With his knee surgically repaired, Jones returned to his native California and resumed his regular offseason training regimen with his old position coach at San Jose State. He hasn’t missed a single play of training camp thus far.

“I’m definitely back to being myself,” Jones said. “My knee is 100 percent, and that’s really the only thing I was worried about. I’d never really been injured before. I’m just glad it’s behind me. I’d be lying if I said last season wasn’t (frustrating). It was definitely frustrating.”

Nelson suffered a sprained PCL while at Kansas State in 2006. Many PCL sprains are allowed to scar and remodel rather than repaired surgically. Given the available information, it's reasonable to believe that Nelson has had episodes of pain -- and possibly some associated lower leg muscle weakness -- due to scar tissue from that injury.

Removing the scar tissue and any additional tissue that may be chronically irritating the nerve is a relatively simple surgical procedure. Recent medical studies suggest the procedure is effective around 80% of the time. The 4-6 week timetable is reasonable -- the relatively long recovery time is because the surgery requires an incision rather than an arthroscope -- but it assumes that Nelson's symptoms will fully resolve.

Unfortunately, that's not always the case with nerve related procedures. Chronically inflamed nerve tissue may not fully recover and regeneration of scar tissue with recurrent symptoms is also possible. That makes it difficult to predict Nelson's outcome. However, the early reports are optimistic, and it's notable that Nelson has played at a high level while experiencing symptoms in the past.

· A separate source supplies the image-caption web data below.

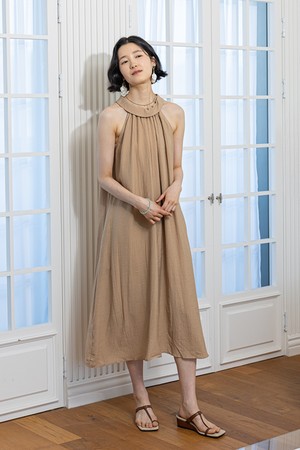 Solid color sleeveless dress_BEIGE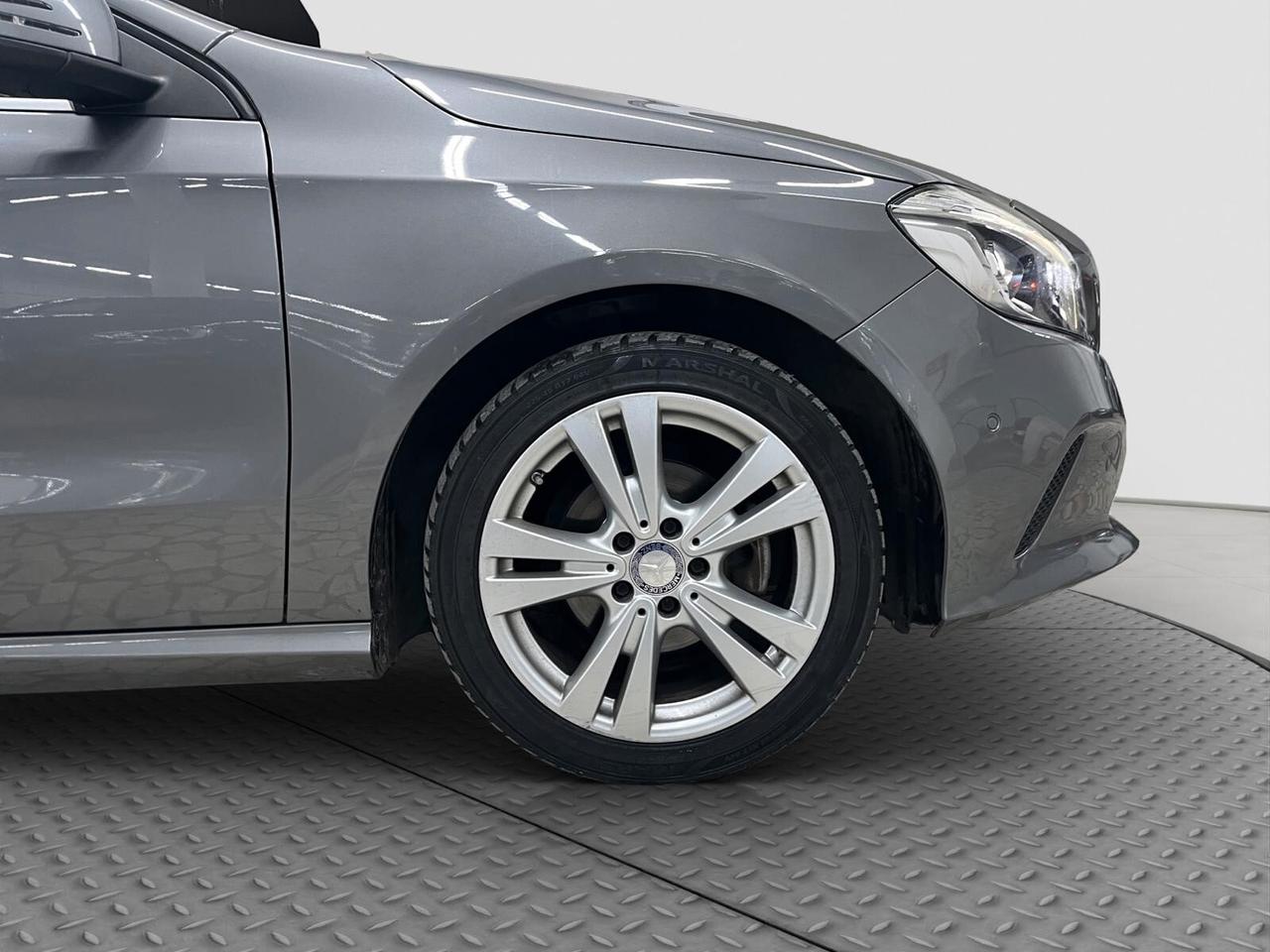 Mercedes-benz A 180d Automatic Sport 2017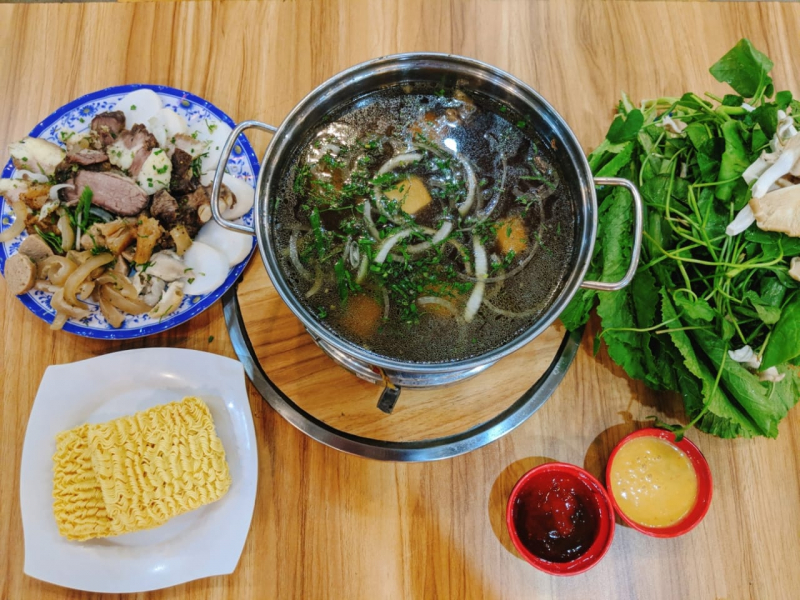 Buffet Lẩu Nướng Tin Tin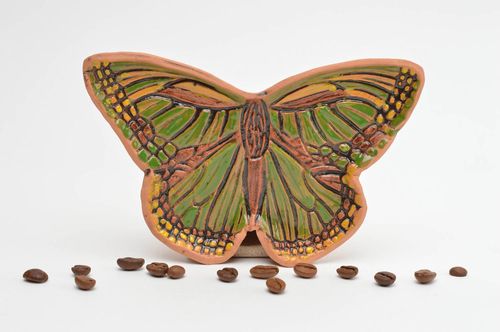 Керамическая тарелка бабочка ручной работы с росписью красками и глазурью - MADEheart.com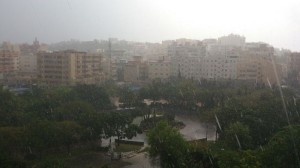 Imagen de archivo de la ciudad de Ibiza bajo la lluvia. Foto: R.M.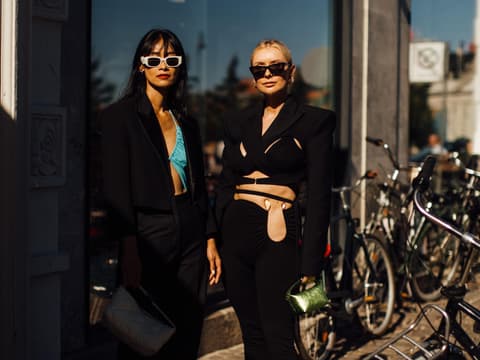 zwei stylische Frauen auf der Copenhagen Fashion Week Streetstyle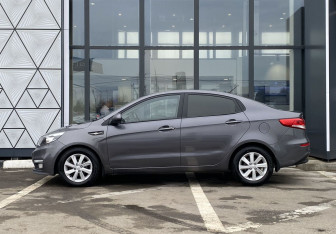Подержанный автомобиль Kia Rio Sedan 2016 года (8 фото)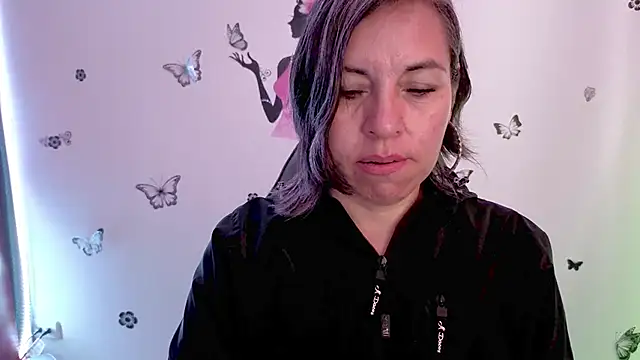 Lady breaks hearts online show from April 21, 2026, 12:44 pm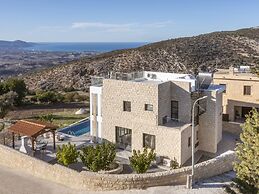 3-bdr Villa With Stunning Infinity Pool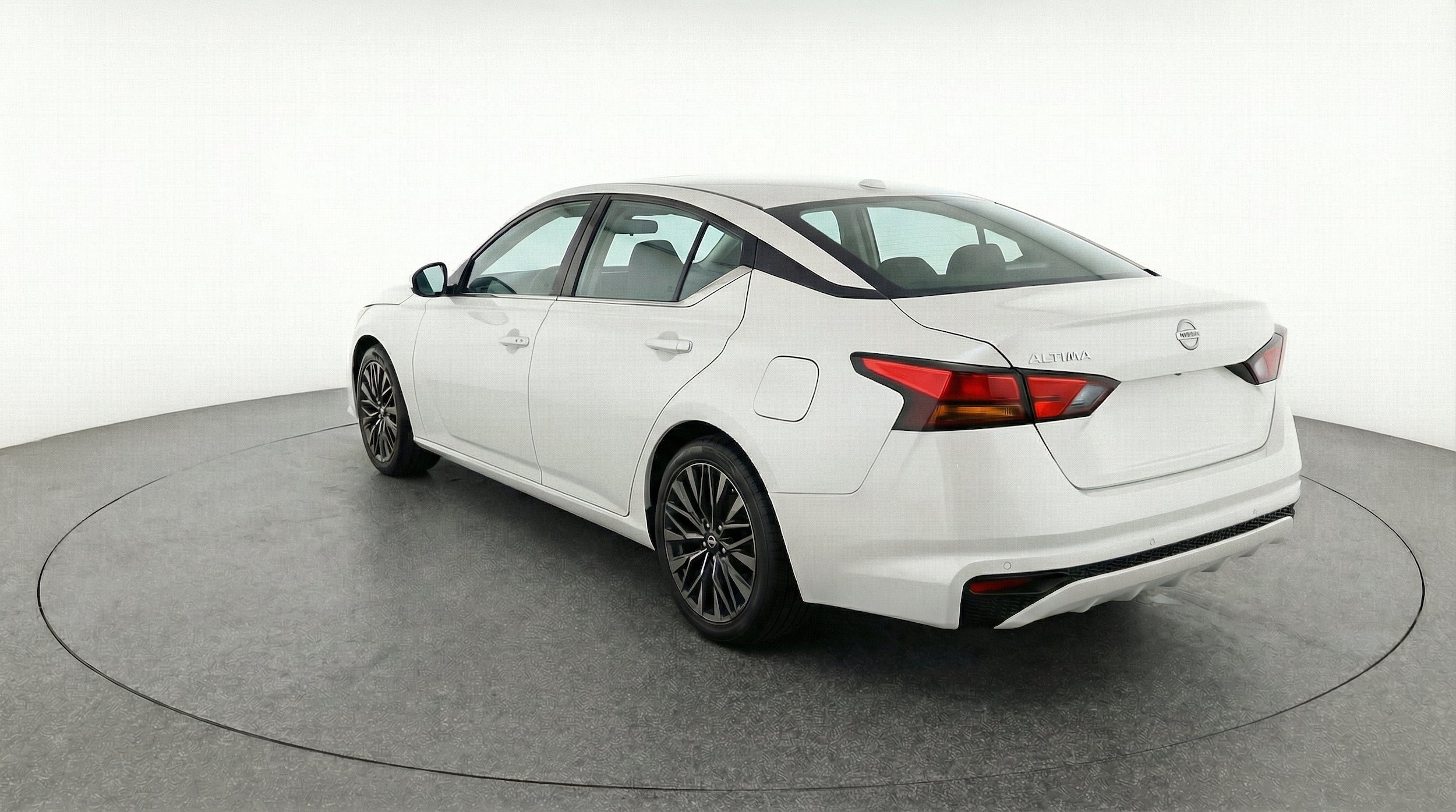 Thumbnail: 2025 Nissan Altima - 6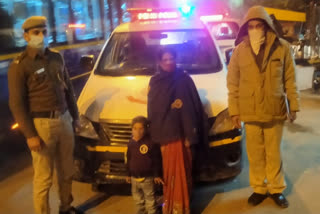 delhi police pcr team introduced missing 4 year old girl to her mother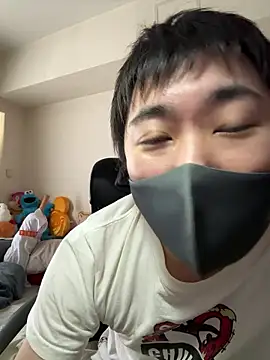 Snapshot of kentyken chatting on 04.26.26 kentyken online show from 04.26.26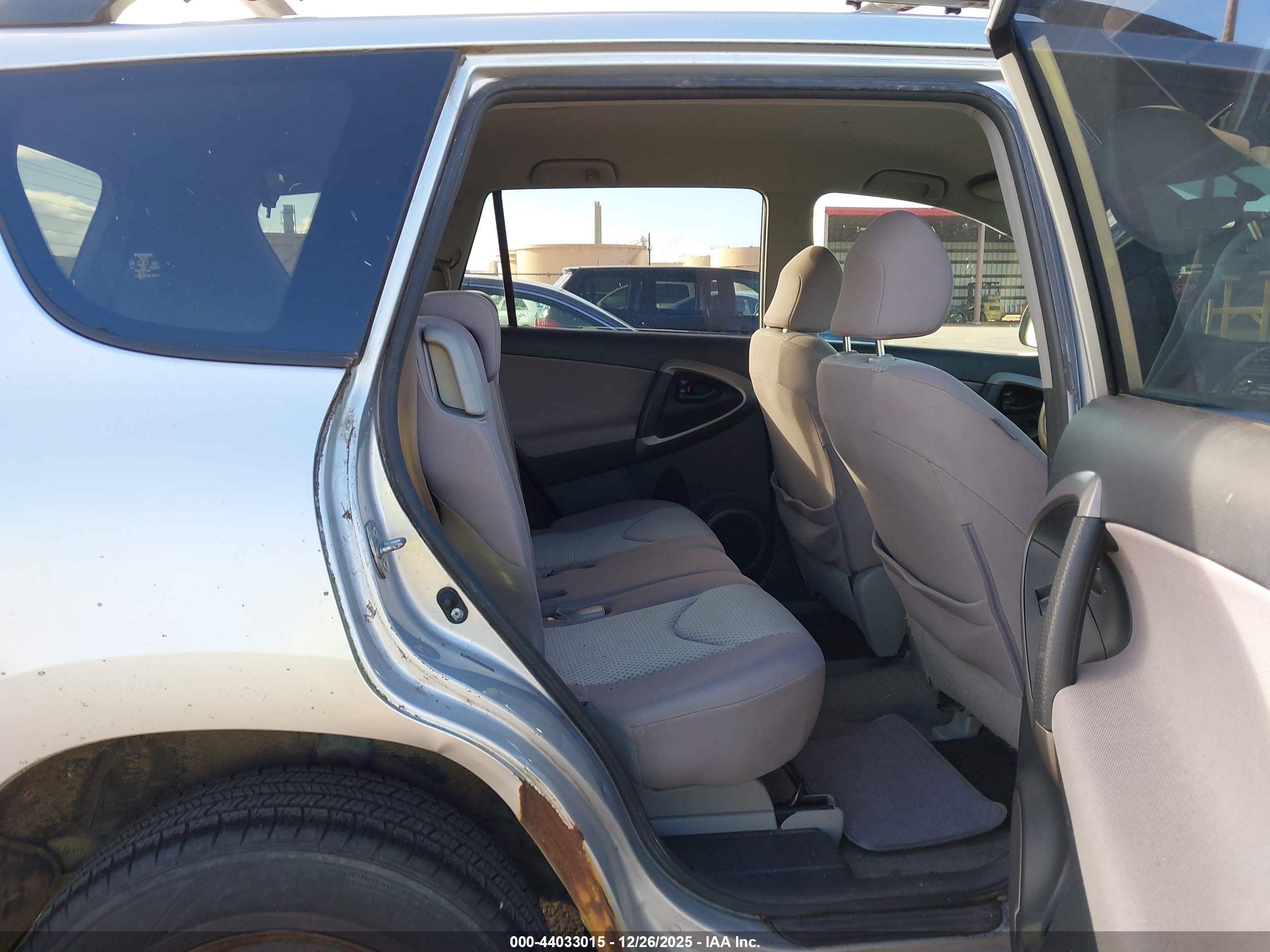 TOYOTA RAV4 image 8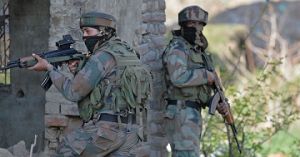 आतंकी हमला , जम्मू कश्मीर में अंगरक्षक ने शहादत देकर बचाई भाजपा नेता और पत्नी की जान आतंकी हमला , जम्मू कश्मीर में अंगरक्षक ने शहादत देकर बचाई भाजपा नेता और पत्नी की जान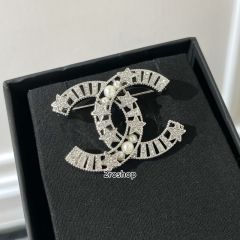 CHANEL 브로치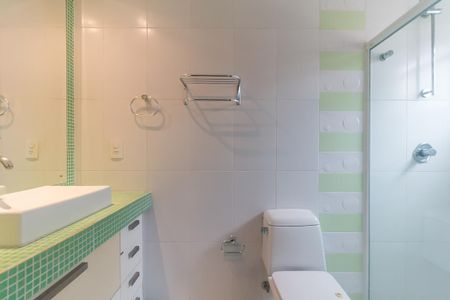 Casa de condomínio para alugar com 300m², 3 quartos e 6 vagas Casa de condomínio para alugar com 300m², 3 quartos e 6 vagasBanheiro da Suíte 3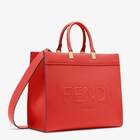 حقيبة Fendi Sunshine بحجم متوسط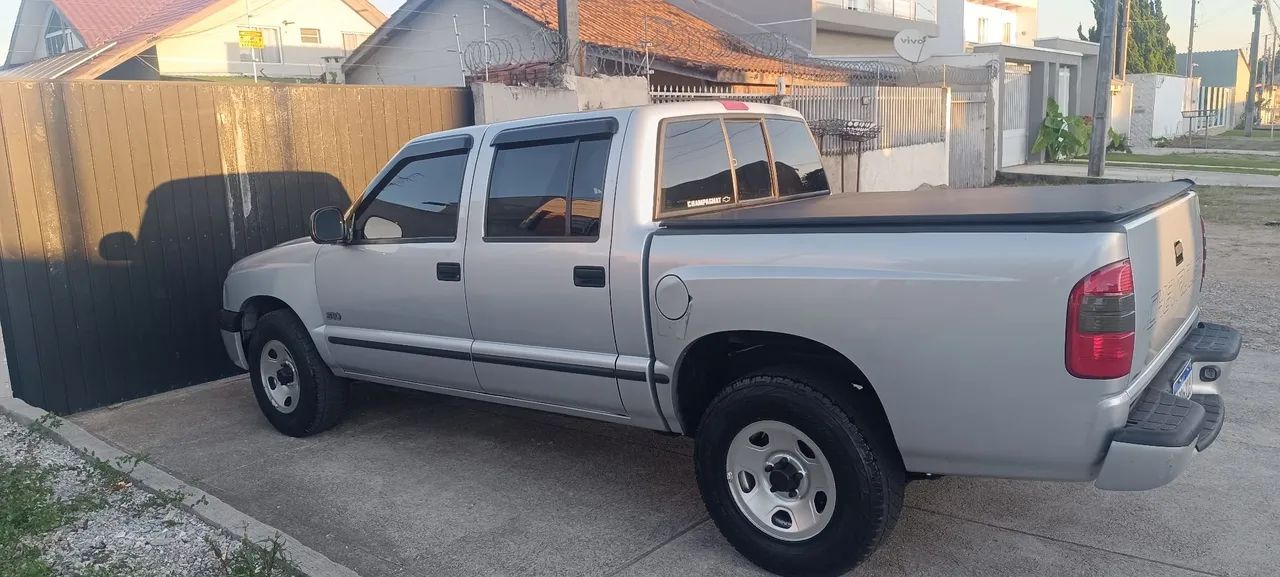 Chevrolet S10 Pick-up 2.4 MPFI 8V 128cv CD 4P 2001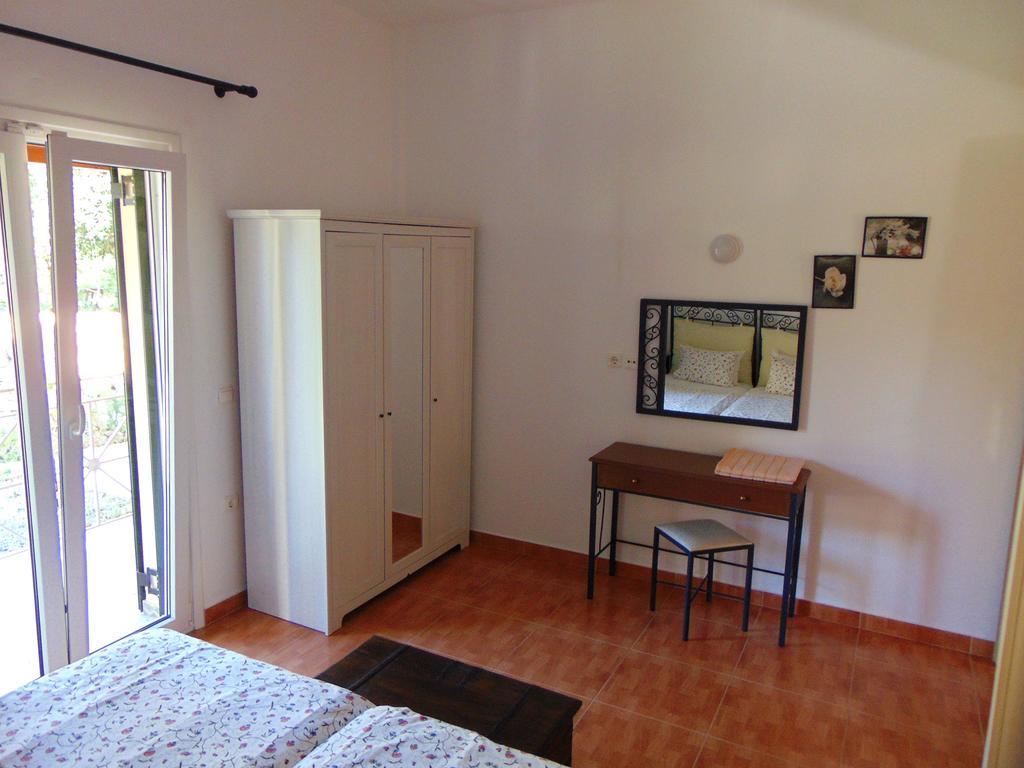 Villa Grecia เลียปาเดส ภายนอก รูปภาพ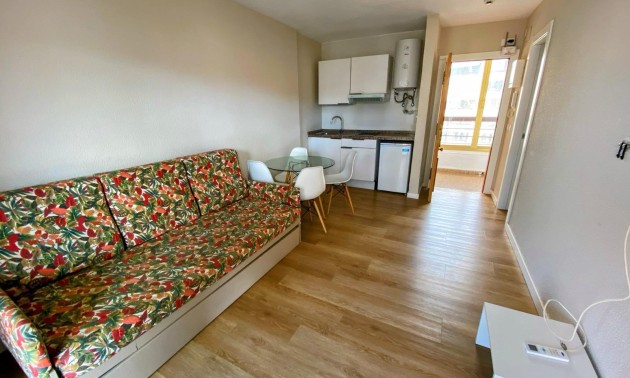 Herverkoop - Apartment - Benidorm - Rincón de Loix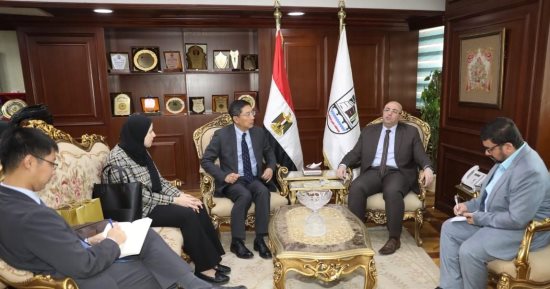 محافظ بنى سويف يستقبل سفير سنغافورة فى مستهل زيارته للمحافظة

But there's a reason that Nelson is choosing surgery now -- possibly seven years after first having symptoms and so close to the start of the regular season -- his symptoms are worse and limiting his play.

For now, I think it's reasonable to buy into the optimistic early reports offered by media insiders. Fantasy owners shouldn't necessarily drop Nelson multiple tiers on their draft boards. But if Nelson's recovery starts to drag into the regular season, it could mean his nerve tissue isn't recovering as hoped. And if that's the case, his timetable for a full recovery gets very murky. The first true indication of his progress will probably come in 3-4 weeks, but I'll have more on the blog as news breaks.